Suite aux instructions royales visant à faciliter la traversée des Marocains du monde, quel rôle pourraient jouer les agences de voyage dans la concrétisation de ce projet, dans le cadre de l’opération Marhaba 2021 ?
Très honnêtement, vu les changements intervenus dans la chaîne de valeur, et plus particulièrement le rôle que jouaient les agences de voyages, leur implication qui était souvent une mobilisation 24/7, celles-ci ne peuvent jouer aucun rôle actuellement. Elles ont, en effet, été exclues tant par les partenaires privés, qui voyaient en elles un «intermédiaire inutile» n’apportant pas de valeur ajoutée, que par l’administration qui les a paupérisées. Je peux parler de leur rôle en 2003, quand la Fédération nationale des agences de voyages du Maroc (FNAVM) avait organisé, géré pendant tout l’été non seulement les MRE, mais aussi les résidents au Maroc avec des offres comprenant séjour, transport aérien, terrestre et rail.
Quelles sont les dispositions prises pour assurer le voyage au plus grand nombre de Marocains du monde ?
Les agences de voyages, à ma connaissance -sauf si c’est de manière individuelle pour des offres particulières- n’ont pris aucune disposition de manière collégiale. Et même si elles le voulaient, les agences de voyages n’obtiendraient aucun soutien des partenaires privés et de l’administration.
Pour cet été 2021, le Maroc s’attend à une forte affluence des MRE. Comment l’expliquez-vous ? Par ailleurs, avez-vous des attentes particulières en termes de soutien et d’accompagnement de l’État ?
Nous ne pouvons donner aucune indication à ce sujet, puisque les ports de transit sont fermés et que, pour le moment, tous les sièges d’avion mis à la disposition des visiteurs du Maroc (compatriotes ou étrangers) sont occupés.

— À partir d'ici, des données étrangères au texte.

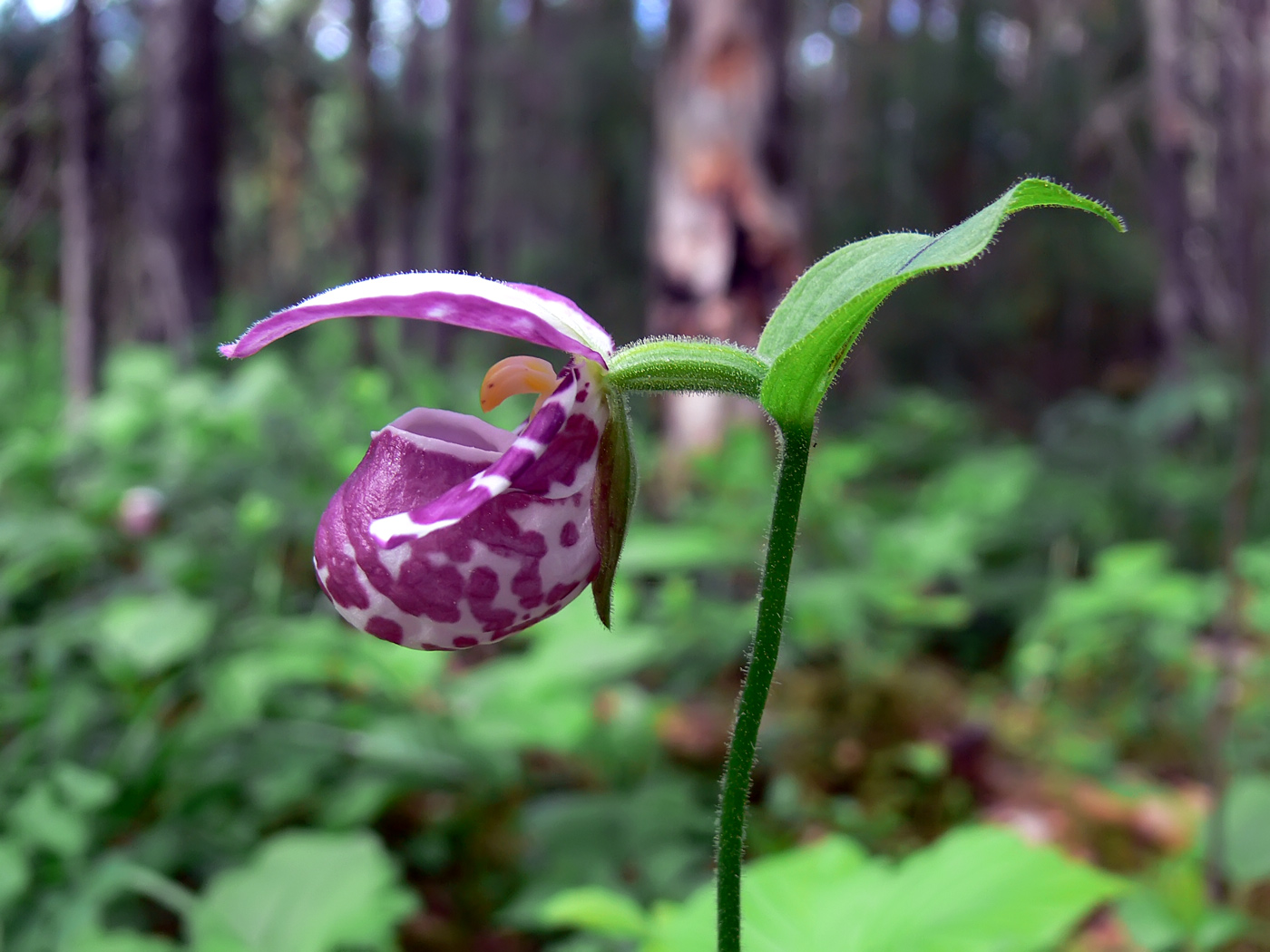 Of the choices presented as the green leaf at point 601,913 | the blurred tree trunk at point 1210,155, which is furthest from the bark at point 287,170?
the green leaf at point 601,913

Nous verrons après l’afflux de toursites, comment se porte le marché. En attendant, la forte affluence s’explique plus par un phénomène similaire au tourisme ethnique, mais cette fois, avec des MRE qui veulent retrouver leurs habitudes, plus particulièrement passer Aïd el Adha en famille, vu que cette fête est devenu impossible à célébrer en Europe. En ce qui concerne le soutien et de l’accompagnement de l’État, les attentes sont nombreuses. Mais, à vrai dire, nous n’en attendons rien parce que nous n’avons jamais rien reçu. Oui, l’Etat a fait un geste en faveur de nos collaborateurs, mais en tant qu’entreprises, nous n’avons rien. L’on nous dit de contracter des crédits, mais nous n’en voulons pas.

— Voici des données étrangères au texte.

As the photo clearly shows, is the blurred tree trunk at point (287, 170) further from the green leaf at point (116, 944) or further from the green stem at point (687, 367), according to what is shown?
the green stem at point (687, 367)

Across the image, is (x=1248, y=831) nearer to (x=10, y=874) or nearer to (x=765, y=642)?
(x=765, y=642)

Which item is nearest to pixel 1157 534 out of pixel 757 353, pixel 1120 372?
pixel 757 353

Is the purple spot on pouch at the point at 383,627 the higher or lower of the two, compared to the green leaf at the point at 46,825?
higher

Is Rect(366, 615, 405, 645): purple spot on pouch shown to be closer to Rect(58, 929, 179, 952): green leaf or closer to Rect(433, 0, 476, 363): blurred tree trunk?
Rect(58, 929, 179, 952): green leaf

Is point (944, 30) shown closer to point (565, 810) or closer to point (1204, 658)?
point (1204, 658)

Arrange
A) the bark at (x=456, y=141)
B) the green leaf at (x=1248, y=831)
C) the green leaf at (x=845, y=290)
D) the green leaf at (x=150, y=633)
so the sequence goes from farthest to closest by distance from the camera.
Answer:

Quel est l’impact de la fermeture des frontières Maroc-Espagne sur les traversées en ferry ? Quelles sont les alternatives les moins coûteuses qui s’offrent aux voyageurs venant d’Espagne ?

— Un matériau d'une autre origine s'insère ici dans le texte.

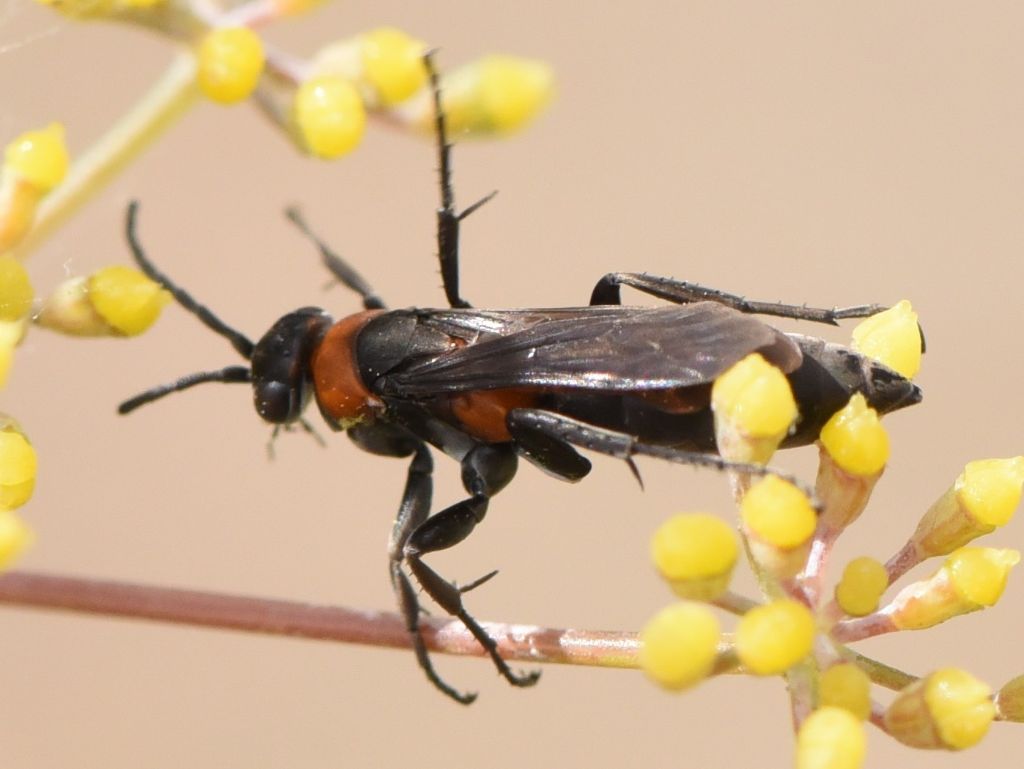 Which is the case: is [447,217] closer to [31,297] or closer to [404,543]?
[404,543]

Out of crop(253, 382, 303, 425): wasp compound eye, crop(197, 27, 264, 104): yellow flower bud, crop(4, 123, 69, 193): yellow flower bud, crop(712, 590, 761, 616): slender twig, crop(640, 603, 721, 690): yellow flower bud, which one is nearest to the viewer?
crop(640, 603, 721, 690): yellow flower bud

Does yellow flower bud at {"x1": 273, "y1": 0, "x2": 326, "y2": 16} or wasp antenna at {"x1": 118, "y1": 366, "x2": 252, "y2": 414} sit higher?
yellow flower bud at {"x1": 273, "y1": 0, "x2": 326, "y2": 16}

En fait, la fermeture des frontières Maroc-Espagne est une véritable catastrophe pour les agences de voyages marocaines qui réalisaient un gros chiffre d’affaires avec les touristes marocains qui se rendaient, dans le cadre du tourisme familial, à la Costa del Sol. Et là, nous parlons de plus d’un million de personnes. On peut estimer cela à quelque 200.000 véhicules (pour la partie maritime).
Qui dit réduction des tarifs, dit baisse des marges. Quelle devrait être la formule la plus viable pour l’écosystème du voyage, sachant que les agences de voyages traversent une situation financière très difficile ?
Nous allons essayer de survivre et compter qui aura survécu. Nous avons les agences de voyages en ligne (celles que préfèrent nos amis «marchands de sommeil»). Les compagnies aériennes préfèrent avoir les clients en direct alors qu’elles ne rémunèrent quasi plus les agences de voyages. De plus, aujourd’hui, les voyageurs aiment utiliser leur clavier pour leurs réservations jusqu’au jour où ils ont des problèmes qu’ils n’arrivent pas à solutionner. Bien malin celui qui pourrait proposer une formule aujourd’hui, parce que le mode de voyage évolue et qu’un grand nombre de nouveaux intervenants voient le jour et se mettent en place.